SOURCE MATERIAL: Begin

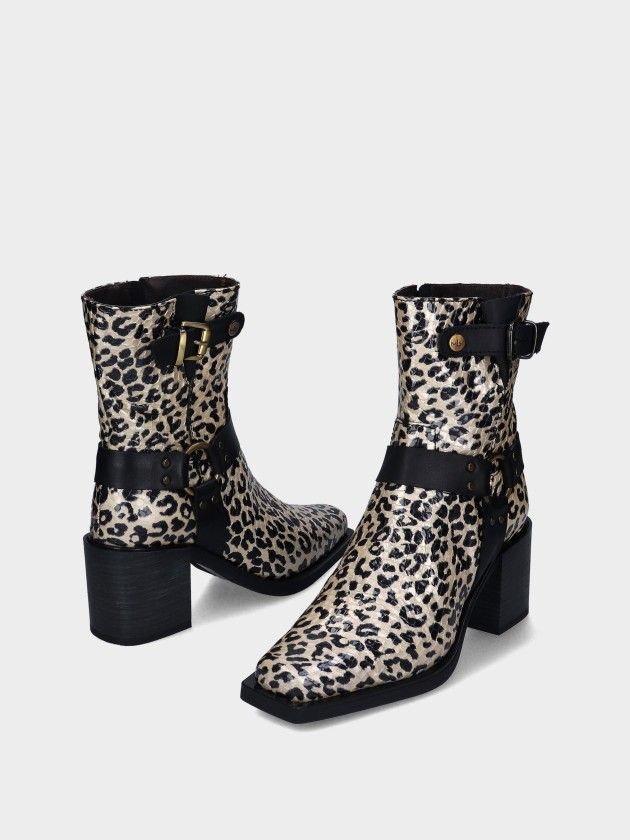 Botas Cowboy de Piel  Silvana 02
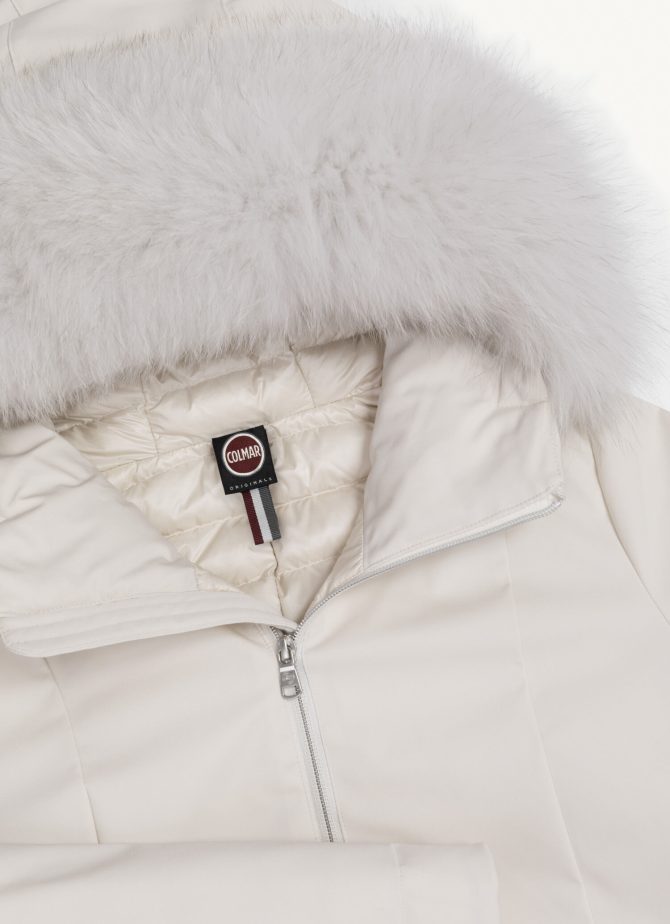 Longline 3 layer satin down jacket with hood - Image 6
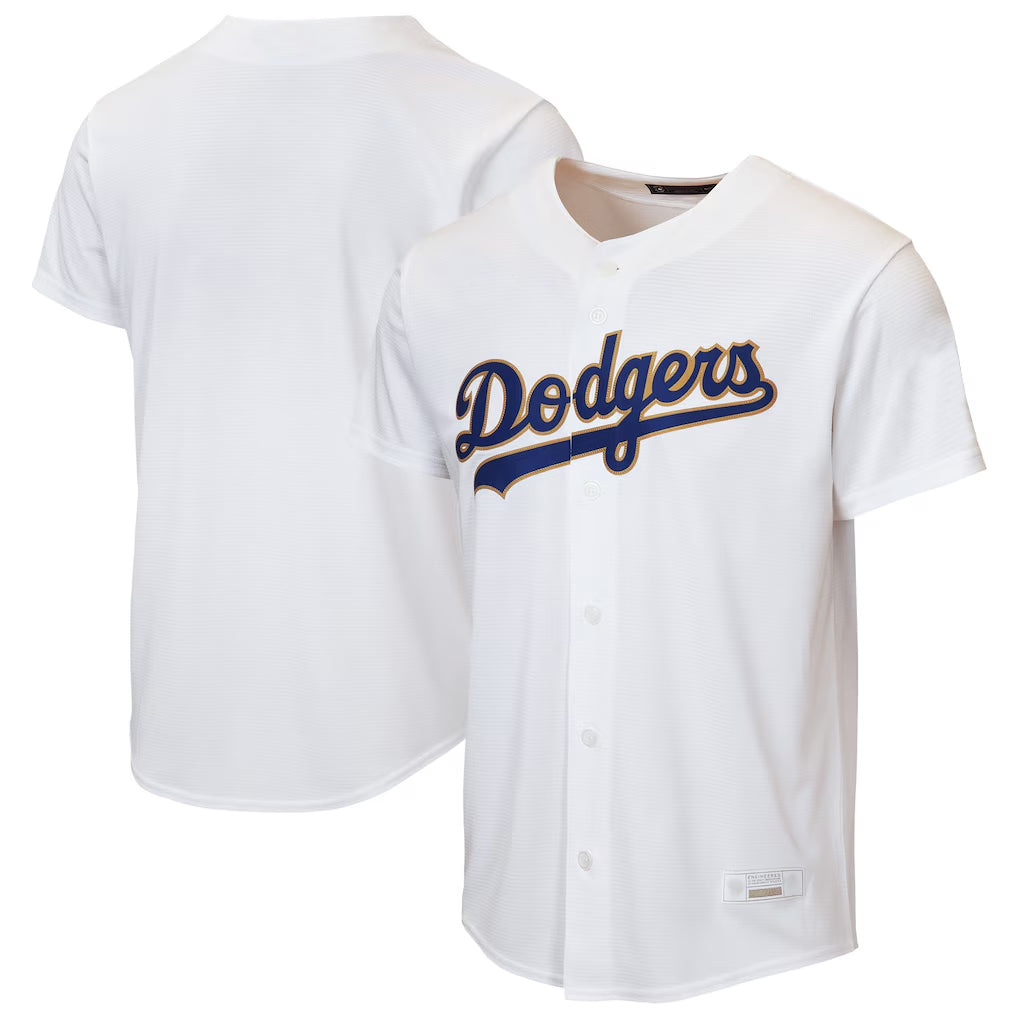LA.Dodgers ## Dodgers Blank Player Gold White 2026 Collection Stadium Game Gdoa Stitched Jerseys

SOURCE MATERIAL: End

## EXERCISE AIM
Exclude the pictures and give back the rest of the data above exactly as written.

## RESULT
 Botas Cowboy de Piel  Silvana 02
 Longline 3 layer satin down jacket with hood - Image 6
LA.Dodgers ## Dodgers Blank Player Gold White 2026 Collection Stadium Game Gdoa Stitched Jerseys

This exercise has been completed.